* INSTRUCTIONS TO FOLLOW: Word for word, restate the lines from the start of the data down to the line with "icon Airline Manager 2.8.3", both included.

===============

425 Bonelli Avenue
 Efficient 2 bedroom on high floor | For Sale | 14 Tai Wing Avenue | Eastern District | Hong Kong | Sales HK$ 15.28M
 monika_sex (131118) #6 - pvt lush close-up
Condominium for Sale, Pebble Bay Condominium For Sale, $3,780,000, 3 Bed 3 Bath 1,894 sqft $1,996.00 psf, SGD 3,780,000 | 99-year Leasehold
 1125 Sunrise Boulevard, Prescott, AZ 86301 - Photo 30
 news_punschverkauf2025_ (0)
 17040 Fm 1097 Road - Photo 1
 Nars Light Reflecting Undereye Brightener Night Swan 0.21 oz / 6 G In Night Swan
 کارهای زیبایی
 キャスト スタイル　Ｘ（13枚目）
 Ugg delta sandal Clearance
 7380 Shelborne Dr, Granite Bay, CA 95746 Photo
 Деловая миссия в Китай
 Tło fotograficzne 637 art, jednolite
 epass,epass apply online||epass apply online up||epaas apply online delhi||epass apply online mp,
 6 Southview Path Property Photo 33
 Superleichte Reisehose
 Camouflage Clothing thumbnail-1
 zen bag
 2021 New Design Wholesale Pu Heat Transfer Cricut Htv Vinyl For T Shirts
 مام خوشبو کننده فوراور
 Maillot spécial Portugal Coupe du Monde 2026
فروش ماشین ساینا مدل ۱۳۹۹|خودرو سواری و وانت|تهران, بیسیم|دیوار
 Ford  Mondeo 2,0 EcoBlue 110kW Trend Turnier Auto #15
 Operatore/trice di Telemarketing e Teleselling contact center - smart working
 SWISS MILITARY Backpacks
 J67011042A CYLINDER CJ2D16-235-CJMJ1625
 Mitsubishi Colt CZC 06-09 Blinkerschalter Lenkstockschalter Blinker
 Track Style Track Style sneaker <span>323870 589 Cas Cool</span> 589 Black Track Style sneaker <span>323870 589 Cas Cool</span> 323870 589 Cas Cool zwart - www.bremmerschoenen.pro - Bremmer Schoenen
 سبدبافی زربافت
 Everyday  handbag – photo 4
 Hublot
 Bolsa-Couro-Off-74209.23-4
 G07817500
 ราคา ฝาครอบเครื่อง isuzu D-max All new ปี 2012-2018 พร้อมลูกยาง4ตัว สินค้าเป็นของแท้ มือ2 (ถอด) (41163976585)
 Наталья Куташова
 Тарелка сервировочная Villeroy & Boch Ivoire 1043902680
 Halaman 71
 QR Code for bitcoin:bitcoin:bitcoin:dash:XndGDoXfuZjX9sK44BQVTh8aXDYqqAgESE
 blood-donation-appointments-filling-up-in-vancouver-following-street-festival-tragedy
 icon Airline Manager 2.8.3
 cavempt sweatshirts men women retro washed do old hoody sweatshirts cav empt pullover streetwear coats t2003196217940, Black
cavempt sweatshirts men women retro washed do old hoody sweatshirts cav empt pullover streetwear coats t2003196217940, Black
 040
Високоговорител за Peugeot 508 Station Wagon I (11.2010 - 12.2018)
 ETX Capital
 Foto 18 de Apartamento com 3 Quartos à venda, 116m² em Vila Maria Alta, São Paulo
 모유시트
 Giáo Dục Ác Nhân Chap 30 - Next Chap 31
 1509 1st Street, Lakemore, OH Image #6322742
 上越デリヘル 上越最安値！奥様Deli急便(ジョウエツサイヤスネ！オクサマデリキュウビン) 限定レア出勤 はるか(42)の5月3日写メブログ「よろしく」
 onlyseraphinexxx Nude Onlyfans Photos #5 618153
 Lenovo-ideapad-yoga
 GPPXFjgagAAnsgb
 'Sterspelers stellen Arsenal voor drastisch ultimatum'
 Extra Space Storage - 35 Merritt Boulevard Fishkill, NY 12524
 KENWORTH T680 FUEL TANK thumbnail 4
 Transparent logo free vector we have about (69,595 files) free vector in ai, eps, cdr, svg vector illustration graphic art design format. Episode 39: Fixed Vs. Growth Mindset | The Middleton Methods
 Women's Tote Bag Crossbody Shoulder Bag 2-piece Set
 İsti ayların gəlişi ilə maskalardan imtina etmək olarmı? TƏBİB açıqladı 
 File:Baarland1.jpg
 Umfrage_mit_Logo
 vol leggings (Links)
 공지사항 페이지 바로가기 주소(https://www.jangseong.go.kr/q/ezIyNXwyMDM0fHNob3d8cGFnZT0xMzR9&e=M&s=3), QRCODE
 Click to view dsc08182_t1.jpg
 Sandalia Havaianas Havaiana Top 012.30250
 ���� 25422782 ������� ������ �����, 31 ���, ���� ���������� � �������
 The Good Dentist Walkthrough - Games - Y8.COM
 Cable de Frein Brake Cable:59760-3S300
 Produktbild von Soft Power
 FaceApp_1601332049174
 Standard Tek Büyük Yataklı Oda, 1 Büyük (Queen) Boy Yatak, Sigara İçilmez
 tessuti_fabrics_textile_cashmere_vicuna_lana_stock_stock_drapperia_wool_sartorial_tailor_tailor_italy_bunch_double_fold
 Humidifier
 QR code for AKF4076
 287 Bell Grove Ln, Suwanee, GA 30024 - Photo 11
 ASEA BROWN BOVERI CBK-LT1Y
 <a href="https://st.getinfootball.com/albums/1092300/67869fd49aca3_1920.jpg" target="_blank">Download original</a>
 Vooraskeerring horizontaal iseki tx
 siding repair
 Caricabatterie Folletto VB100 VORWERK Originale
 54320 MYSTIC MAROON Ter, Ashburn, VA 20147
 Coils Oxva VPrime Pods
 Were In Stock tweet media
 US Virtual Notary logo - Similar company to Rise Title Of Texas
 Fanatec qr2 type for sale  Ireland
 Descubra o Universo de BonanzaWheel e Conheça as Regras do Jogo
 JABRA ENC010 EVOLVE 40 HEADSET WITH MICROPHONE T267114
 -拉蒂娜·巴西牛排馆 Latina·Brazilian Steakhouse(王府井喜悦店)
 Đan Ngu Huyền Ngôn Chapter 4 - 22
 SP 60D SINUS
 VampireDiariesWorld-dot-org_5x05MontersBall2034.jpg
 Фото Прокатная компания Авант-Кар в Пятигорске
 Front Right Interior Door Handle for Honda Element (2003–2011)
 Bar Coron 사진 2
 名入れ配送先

===============

* EXPECTED OUTPUT:
425 Bonelli Avenue
 Efficient 2 bedroom on high floor | For Sale | 14 Tai Wing Avenue | Eastern District | Hong Kong | Sales HK$ 15.28M
 monika_sex (131118) #6 - pvt lush close-up
Condominium for Sale, Pebble Bay Condominium For Sale, $3,780,000, 3 Bed 3 Bath 1,894 sqft $1,996.00 psf, SGD 3,780,000 | 99-year Leasehold
 1125 Sunrise Boulevard, Prescott, AZ 86301 - Photo 30
 news_punschverkauf2025_ (0)
 17040 Fm 1097 Road - Photo 1
 Nars Light Reflecting Undereye Brightener Night Swan 0.21 oz / 6 G In Night Swan
 کارهای زیبایی
 キャスト スタイル　Ｘ（13枚目）
 Ugg delta sandal Clearance
 7380 Shelborne Dr, Granite Bay, CA 95746 Photo
 Деловая миссия в Китай
 Tło fotograficzne 637 art, jednolite
 epass,epass apply online||epass apply online up||epaas apply online delhi||epass apply online mp,
 6 Southview Path Property Photo 33
 Superleichte Reisehose
 Camouflage Clothing thumbnail-1
 zen bag
 2021 New Design Wholesale Pu Heat Transfer Cricut Htv Vinyl For T Shirts
 مام خوشبو کننده فوراور
 Maillot spécial Portugal Coupe du Monde 2026
فروش ماشین ساینا مدل ۱۳۹۹|خودرو سواری و وانت|تهران, بیسیم|دیوار
 Ford  Mondeo 2,0 EcoBlue 110kW Trend Turnier Auto #15
 Operatore/trice di Telemarketing e Teleselling contact center - smart working
 SWISS MILITARY Backpacks
 J67011042A CYLINDER CJ2D16-235-CJMJ1625
 Mitsubishi Colt CZC 06-09 Blinkerschalter Lenkstockschalter Blinker
 Track Style Track Style sneaker <span>323870 589 Cas Cool</span> 589 Black Track Style sneaker <span>323870 589 Cas Cool</span> 323870 589 Cas Cool zwart - www.bremmerschoenen.pro - Bremmer Schoenen
 سبدبافی زربافت
 Everyday  handbag – photo 4
 Hublot
 Bolsa-Couro-Off-74209.23-4
 G07817500
 ราคา ฝาครอบเครื่อง isuzu D-max All new ปี 2012-2018 พร้อมลูกยาง4ตัว สินค้าเป็นของแท้ มือ2 (ถอด) (41163976585)
 Наталья Куташова
 Тарелка сервировочная Villeroy & Boch Ivoire 1043902680
 Halaman 71
 QR Code for bitcoin:bitcoin:bitcoin:dash:XndGDoXfuZjX9sK44BQVTh8aXDYqqAgESE
 blood-donation-appointments-filling-up-in-vancouver-following-street-festival-tragedy
 icon Airline Manager 2.8.3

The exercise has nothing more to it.